P4: to hyperthread or not to hyperthread

Quote:
what's the common wisdom on P4 hyperthreading?


You may wish to review this thread, on which I posted my hyperthreading observations for reasonably current software. Other engaged in some comment. For other (mostly older) results you can search the forum archive.

previous hyperthreading thread

At a fairly late stage in akosf's S4 application development, one key change meant that subsequent versions actually ran slower when paired on HT machines that the same ap on the same machines run non-HT. However we are now on S5 and those versions are part of history, not present.

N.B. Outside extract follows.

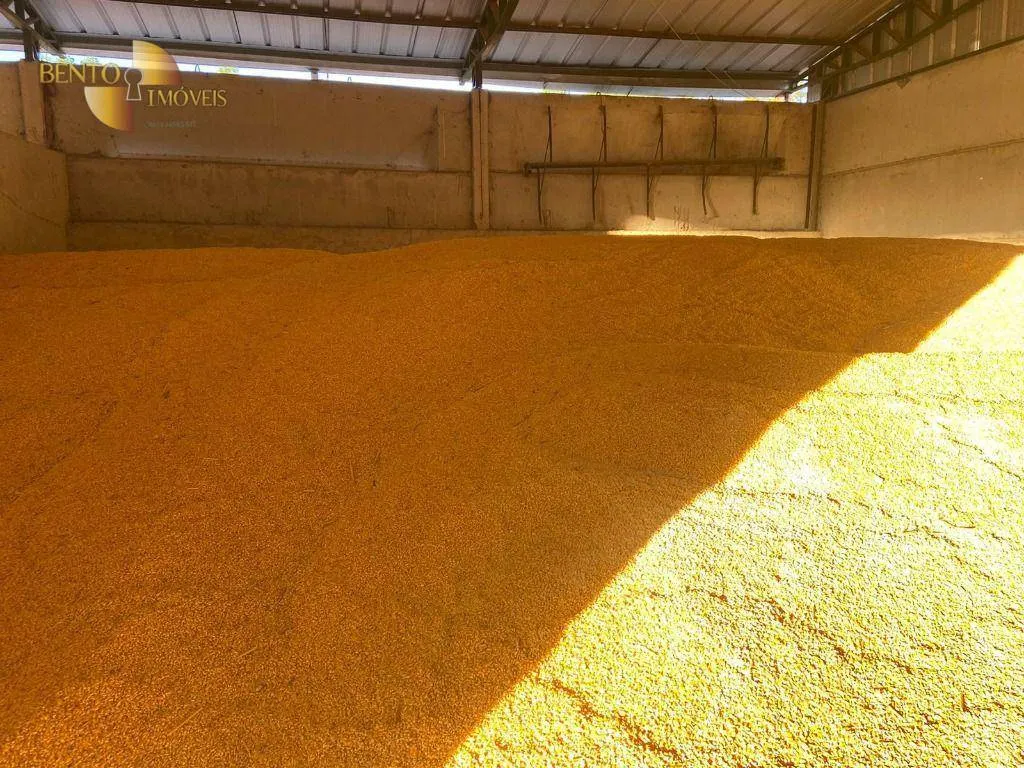 Fazenda à venda e para Arrendar de 1.448 ha em Marcelândia, MT, Brasil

Other than that case, we've not had consistent reports of failure to improve in HT, so far as I recall. I think reported throughput improvement for Einstein has clustered pretty near 20%.

Certainly not all HT machines are created equal, but your 2.8 GHz Xeon would be expected to improve. Possibly you had a non-matched sample of WU's, or possibly there was non-comparable non-normal system activity from other sources in the two cases. HT reporting times are particularly easy to influence (i.e. falsify) by the behavior of other aps. I've seen both cases: the other ap can make reported time be either higher or lower than the norm.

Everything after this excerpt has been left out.